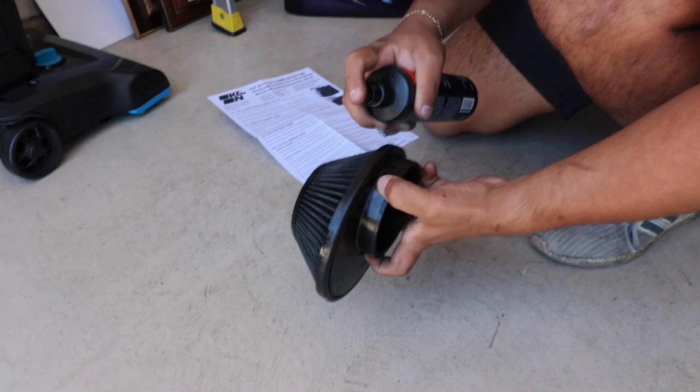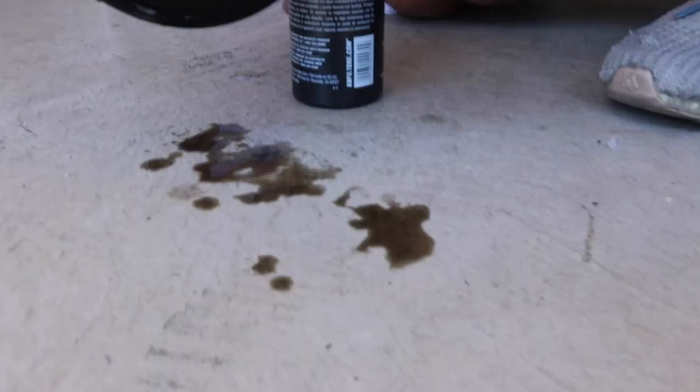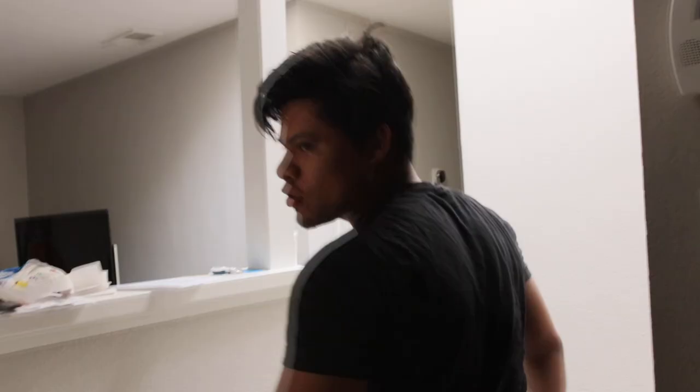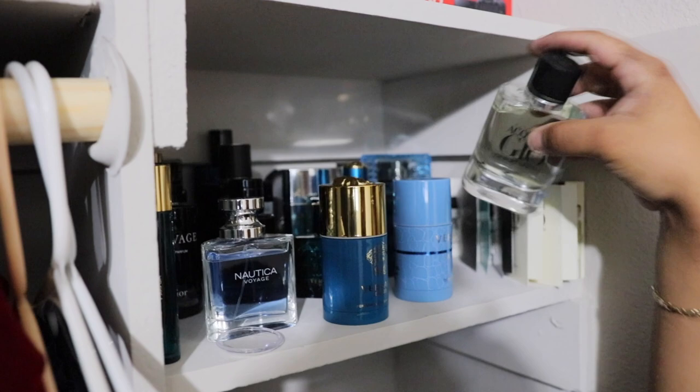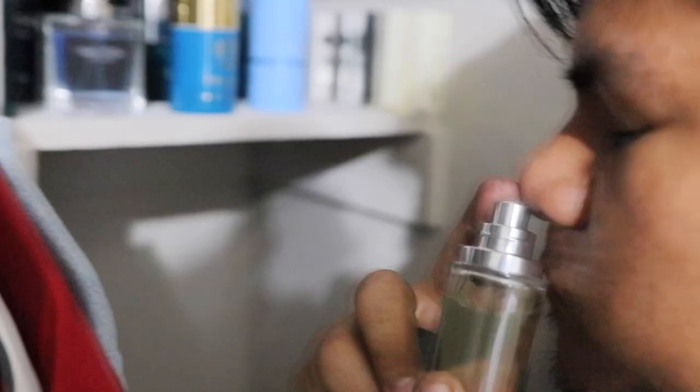Hey, this is getting cleaner already! We're gonna go grab the new splitter. And for all my fragrance people, this is my mini collection right here — but my new addition right here. This thing's beautiful. We're gonna grab our splitter.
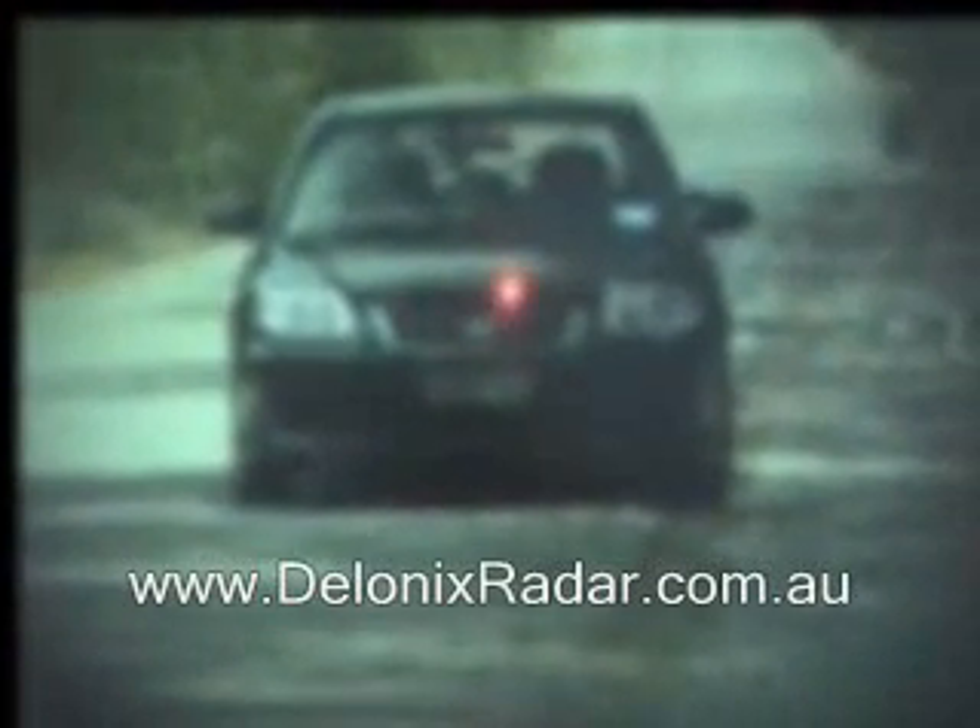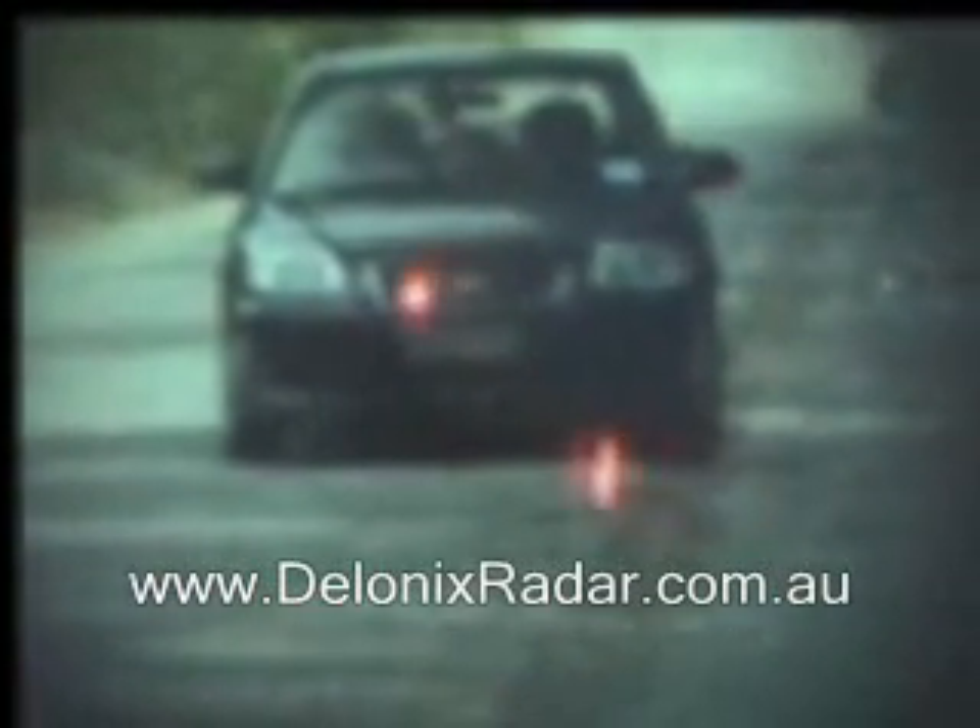This is the Beltronics STIR XR, Australian version. This time we've mounted it up high on the vehicle, going from right to left. No detection at 25 meters.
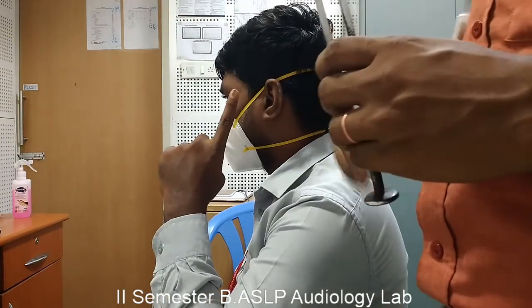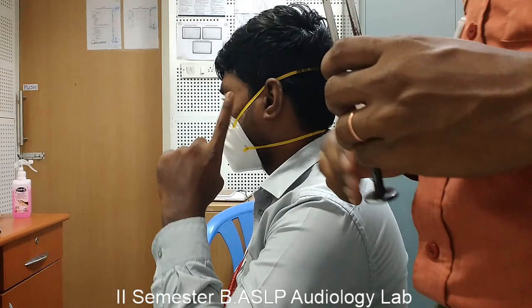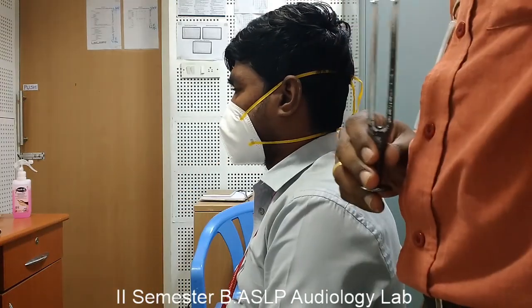Here the subject says the sound was perceived louder in front of the ear canal rather than at the mastoid process. So air conduction is louder than bone conduction, which indicates Rinne is positive. The interpretation is that the subject has either normal hearing or sensorineural hearing loss.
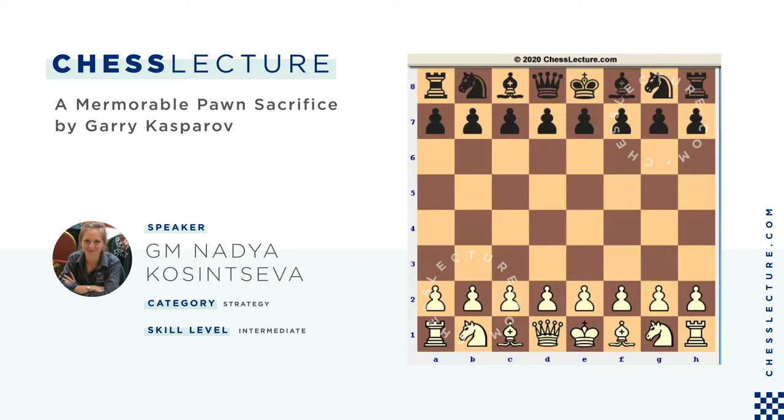Hello everyone. This is International Grandmaster Nadezhda Kassinseva for ChessLikeChess.com. Today I would like to introduce to you one of my favorite games of Garry Kasparov. This game was played back in 1981 between Garry Kasparov, who played white, and Ulf Andersson, another strong Grandmaster. The game started with the following moves.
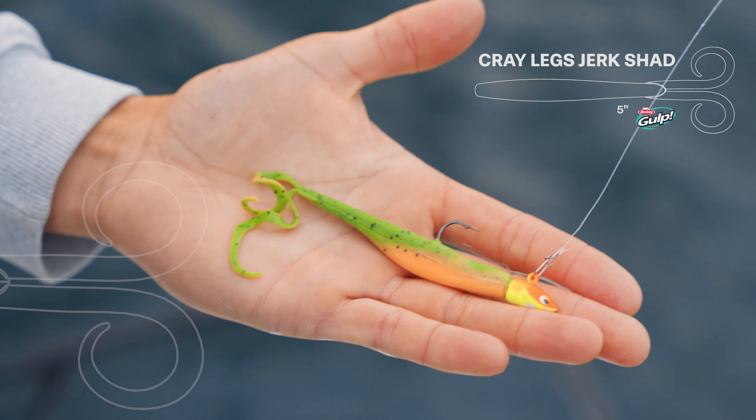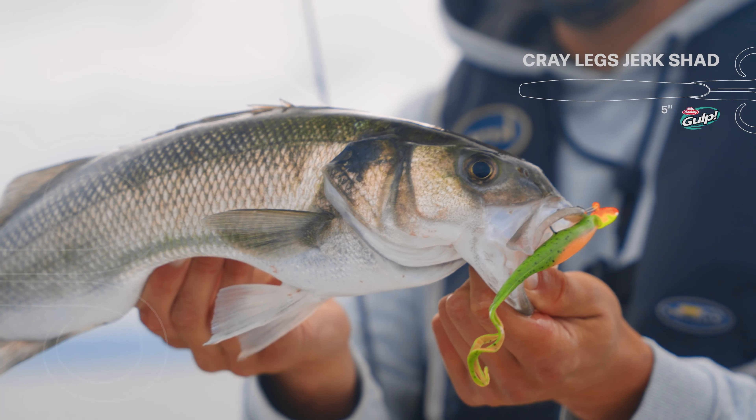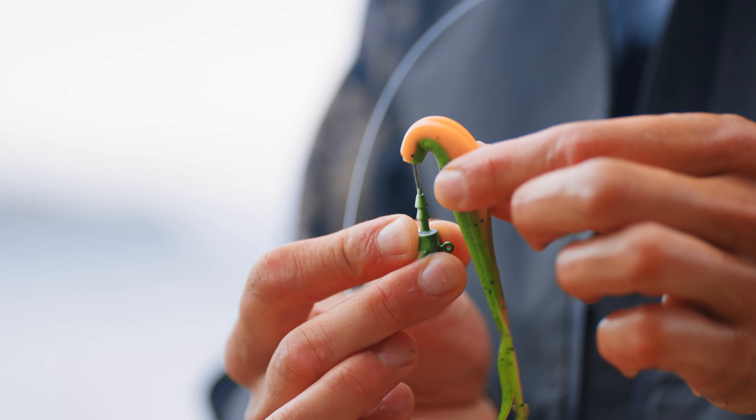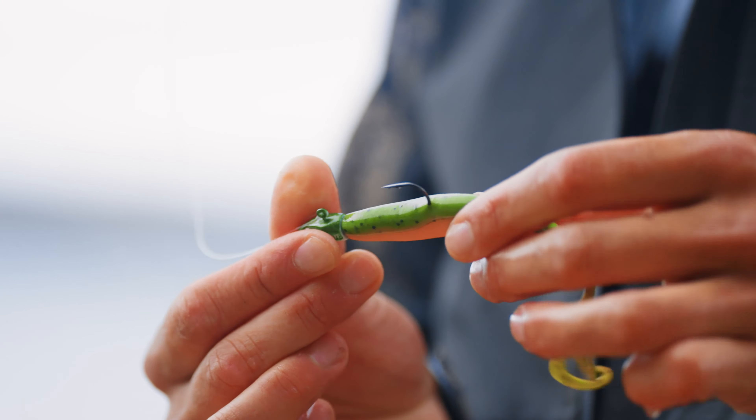Berkley Gulp Crazy Legs Jerkshad — a 13 centimeter model available in six amazing colors. You can rig it on a jig head, on an offset hook, weighted and unweighted.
++++++
▶ **EXERCISE REQUIREMENTS**
Make an exact copy of the data, leaving its pictures out.

▶ **FINISHED TASK**
Hey, this is getting cleaner already! We're gonna go grab the new splitter. And for all my fragrance people, this is my mini collection right here — but my new addition right here. This thing's beautiful. We're gonna grab our splitter.
This is the Beltronics STIR XR, Australian version. This time we've mounted it up high on the vehicle, going from right to left. No detection at 25 meters.
Here the subject says the sound was perceived louder in front of the ear canal rather than at the mastoid process. So air conduction is louder than bone conduction, which indicates Rinne is positive. The interpretation is that the subject has either normal hearing or sensorineural hearing loss.
Hello everyone. This is International Grandmaster Nadezhda Kassinseva for ChessLikeChess.com. Today I would like to introduce to you one of my favorite games of Garry Kasparov. This game was played back in 1981 between Garry Kasparov, who played white, and Ulf Andersson, another strong Grandmaster. The game started with the following moves.
Berkley Gulp Crazy Legs Jerkshad — a 13 centimeter model available in six amazing colors. You can rig it on a jig head, on an offset hook, weighted and unweighted.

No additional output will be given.